Ça ajouta un peu de stress à celui que je ressentais déjà, je savais qu'Edward et Bella m'attendaient, quelque-part. J'avais du mal à contenir mon impatience.

« Oui ?

« Hum, je voulais te demander un truc.

Le fait qu'elle ne me demande pas la chose directement attisa ma suspicion. Qu'est-ce qui était plus gênant que savoir que je n'avais pas d'ami au collège ?

« J'ai entendu Edward t'appeler bébé, l'autre fois. C'est le petit-ami de ta sœur mais... est-ce que... est-ce qu'il sort avec toi, aussi ?

« Maman ! M'écriai-je en écarquillant les yeux. Bien sûr que non, quelle idée !

Je terminai par une grimace. Dégueu.

« Je voulais savoir, c'est tout. Vu qu'il t'appelait bébé, je pouvais me poser la question.

« C'est un surnom qu'il me donnait quand on jouait, enfants, à être une famille. Il a dû le garder depuis ce temps ou alors parce que vous m'appeliez comme ça.

« D'accord, d'accord, excuse-moi.

« Je peux y aller ?

« Oui, bonne journée ma chérie.

« Toi aussi, grommelai-je en sortant.

Je claquai la portière puis récupérai mon sac à dos sur le siège arrière. Je traversai le parking à la recherche du couple mais ne les vis nul part.

« Jamie ? M'interpella quelqu'un.

C'était un gars de mon âge, les cheveux blond foncé, le visage rond et un joli sourire qui creusait des fossettes sur ses joues. Je ne pensais pas l'avoir déjà vu avant. Je regardai alentour pour voir si Edward nous voyait puis tentai de me rassurer en ne le voyant pas.

« On se connaît ?

Mes sourcils s'étaient froncés d'eux même en essayant de me rappeler.

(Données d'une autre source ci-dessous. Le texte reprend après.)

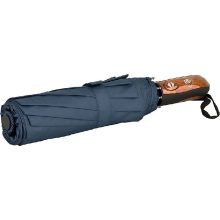 Clark  - UV szűrős - sötétkék, viharálló, teflon bevonatú, automata összecsukható esernyő / napernyő - von Lilienfeld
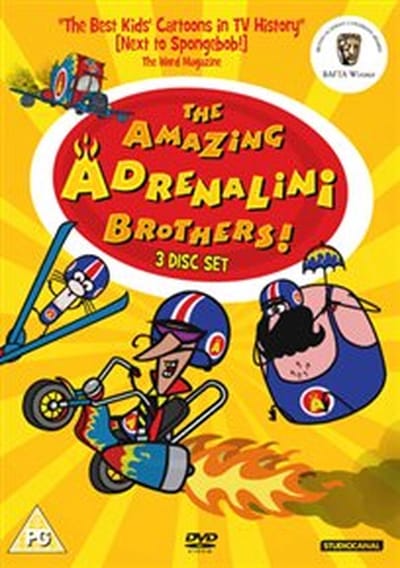 The Amazing Adrenalini Brothers [DVD]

« Mike, Mike Newton, se présenta-t-il. On a fait toutes les classes de la maternelle à Forks, ensemble. Tu n'te rappelles pas ? Tu étais partie à la fin de la dernière section.

Je fouillai les quelques souvenirs que j'avais de ce temps-là mais ça ne me rappelait rien. Puis j'eus l'illumination. Il avait les cheveux beaucoup plus clairs, à l'époque.

« Si, le petit blondinet qui courrait partout !

Il émit un rire sonore en souriant à pleines dents.

« Je courrai partout parce que tu me poursuivais, m'accusa-t-il, amusé. Tu n'arrêtais pas de me demander d'être ton amoureux.

« Je ne me souviens pas de ça.

C'était faux, ça m'était revenue en me rappelant de lui mais je ne voulais pas qu'il le sache. Parce que ça n'avait pas du tout la signification qu'on lui donnait à nos âges. Je regardai à nouveau autour de nous.

« Arf, peut-être que la prochaine fois que tu me poseras la question, je dirai oui, cette fois.

Il n'y avait aucune chance que ça n'arrive un jour, même si je le voulais. Cette conversation était la plus longue que j'avais eue avec quelqu'un d'autre qu'Edward, ma sœur ou mes parents depuis longtemps et je doutais que ça puisse se reproduire avant un moment.

« Je dois y aller.

Je lui fis un signe et me mis presque à courir vers le bâtiment principal. Edward et Bella étaient là, m'attendant à l'intérieur du couloir. J'inspectai l'expression d'Edward et me rassurai en voyant qu'il n'était pas en colère, il n'avait rien vu. Edward et Bella me sourirent quand je les rejoignis.

« Tu arrives juste à temps, ça va bientôt sonner, m'indiqua Edward.

« Maman m'a un peu tenu la jambe, me justifiai-je.

C'était peut-être une surréaction de ma part parce qu'il ne semblait pas fâché ou interrogatif à propos de mon arrivée tardive.

« Les secondes sont empaquetés dans la cour arrière pour les dispatcher dans leurs classes, viens, on t'emmène.